> [Raw data]:

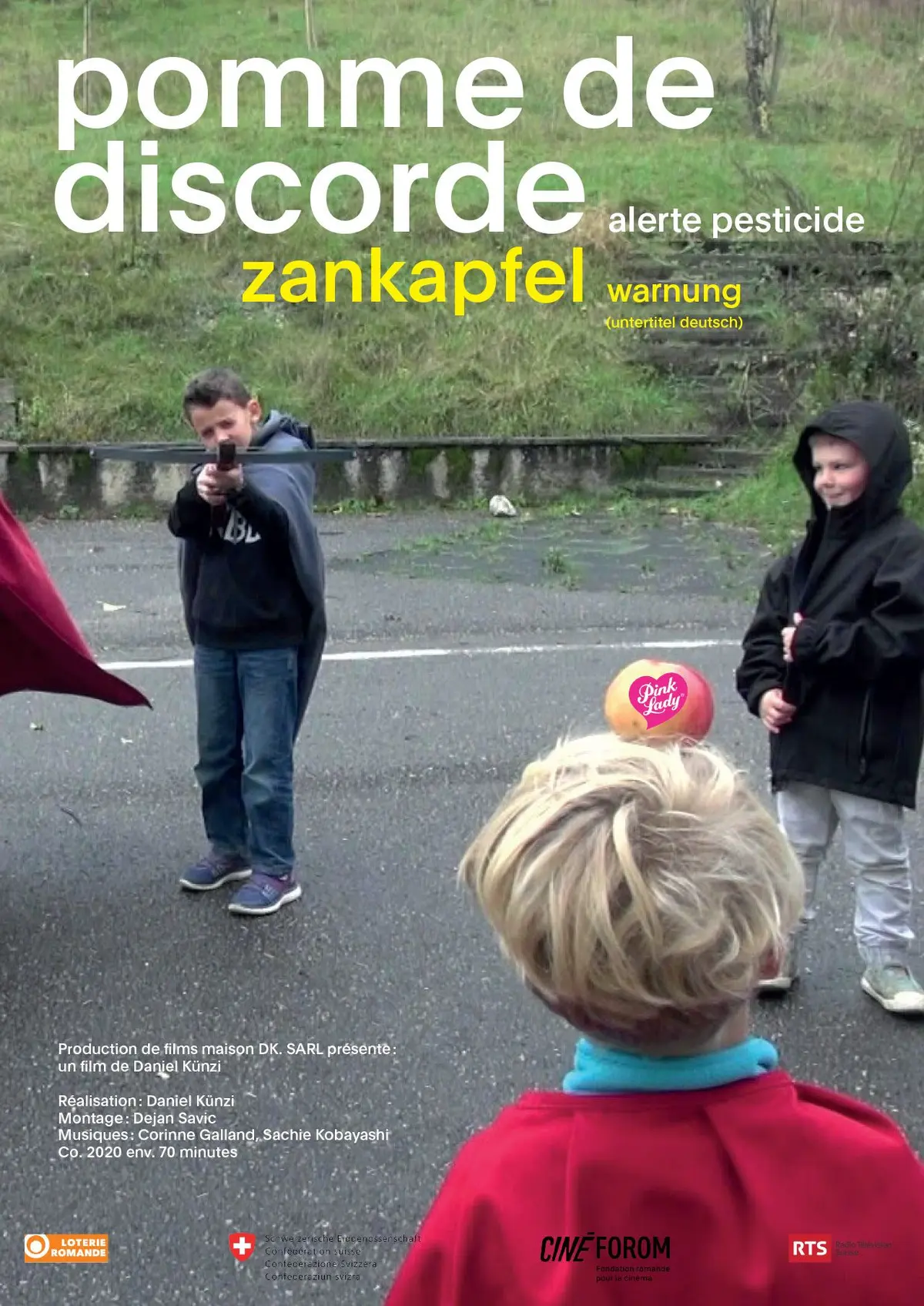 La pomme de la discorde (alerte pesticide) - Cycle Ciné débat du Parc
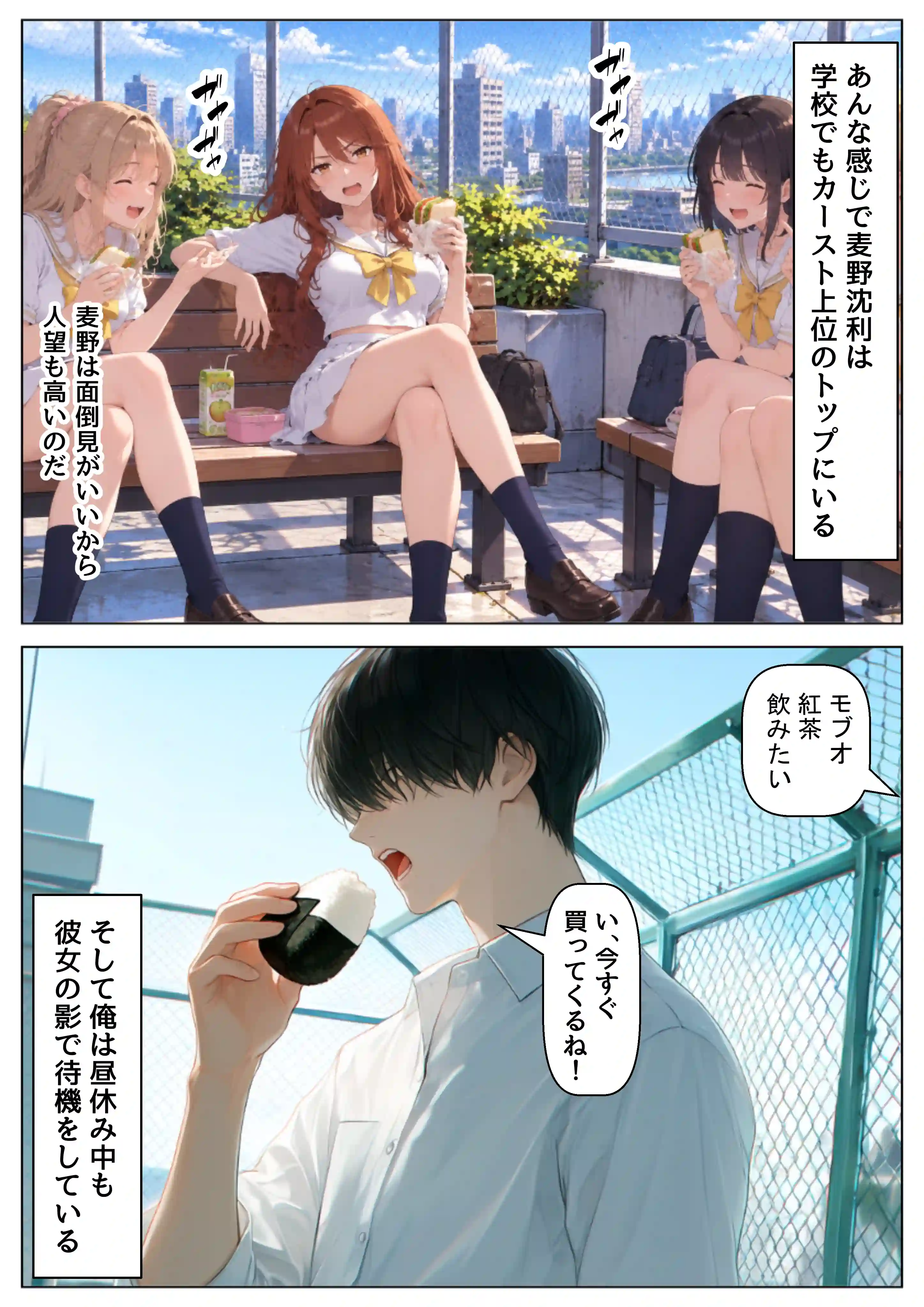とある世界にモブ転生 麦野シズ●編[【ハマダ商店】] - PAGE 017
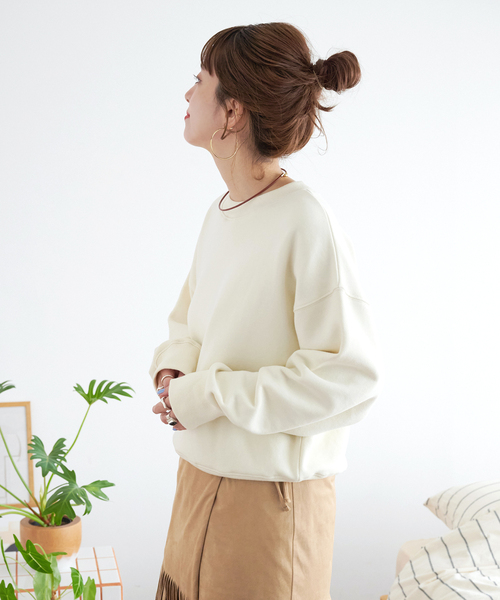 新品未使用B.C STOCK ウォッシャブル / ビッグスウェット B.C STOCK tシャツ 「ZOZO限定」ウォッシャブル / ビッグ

> [Try it]:
Line by line, reproduce the material above exactly, leaving each picture out.

> [Task result]:
 La pomme de la discorde (alerte pesticide) - Cycle Ciné débat du Parc
とある世界にモブ転生 麦野シズ●編[【ハマダ商店】] - PAGE 017
 新品未使用B.C STOCK ウォッシャブル / ビッグスウェット B.C STOCK tシャツ 「ZOZO限定」ウォッシャブル / ビッグ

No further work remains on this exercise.